You might work in a team of data stewards that implements the data quality process. Or, you might be a business user who defines the data quality standards that the data must meet. In both cases, you can own exception management tasks in the Analyst tool.
Note: In many organizations, data stewards combine the data stewardship role with other roles. You might be responsible for a data quality objective as part of a larger role in the organization. As a data steward, you might perform a task on a data set and pass the results to a colleague who assumes the data stewardship duties.
Bad Records Example
You are a data steward at a retail organization. You are concerned that the product inventory records might contain errors. The errors might cause the organization to order more products or fewer products than it can sell.
You define the following process to investigate and correct the errors:
- 1. You ask a developer to configure one or more mappings to find and fix the errors in the data set.

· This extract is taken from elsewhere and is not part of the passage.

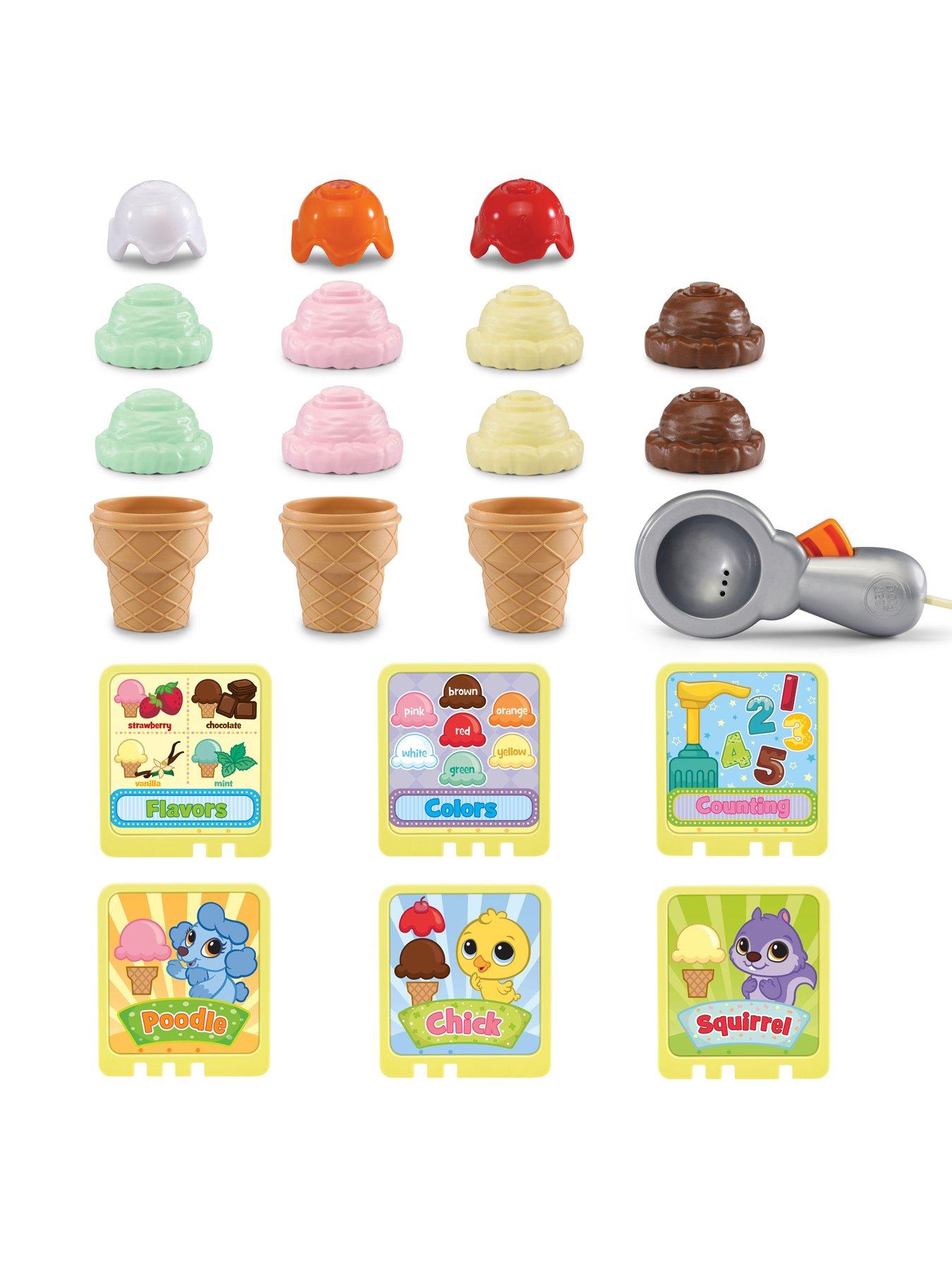 Image 2 of 7 of LeapFrog Scoop &amp; Learn Ice Cream Cart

The mappings also calculate a numeric score for each record in the data set. The scores represent the data quality of the records. Some records have marginal scores that indicate that the mappings cannot verify all of the data quality issues that the records contain.

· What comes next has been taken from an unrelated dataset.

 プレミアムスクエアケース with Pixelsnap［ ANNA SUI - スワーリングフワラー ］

- 2. The developer configures an additional mapping that reads the numeric scores. The developer adds the mapping to a workflow that includes a Mapping task and a Human task.
- - The Mapping task runs the mapping. The Mapping task writes the records to different tables based on the scores that they contain.
- - The Human task distributes the records with marginal scores to tasks that you and other users can open in the Analyst tool.
- 3. You log in to the Analyst tool, and you open a task. The task organizes the exception records in one or more tables. Each table can contain 100 records.
You perform one the following actions on each record:
- - You correct the errors in the record, or you decide that the current record is correct.
You update the record status to indicate that the record is valid.
- - You determine that the record does not contain any valid data.
You update the record status to indicate that the record is not valid.
- - You decide that you cannot verify the accuracy of the record.
You update the record status to indicate that the record needs further analysis by another user or by another Informatica process.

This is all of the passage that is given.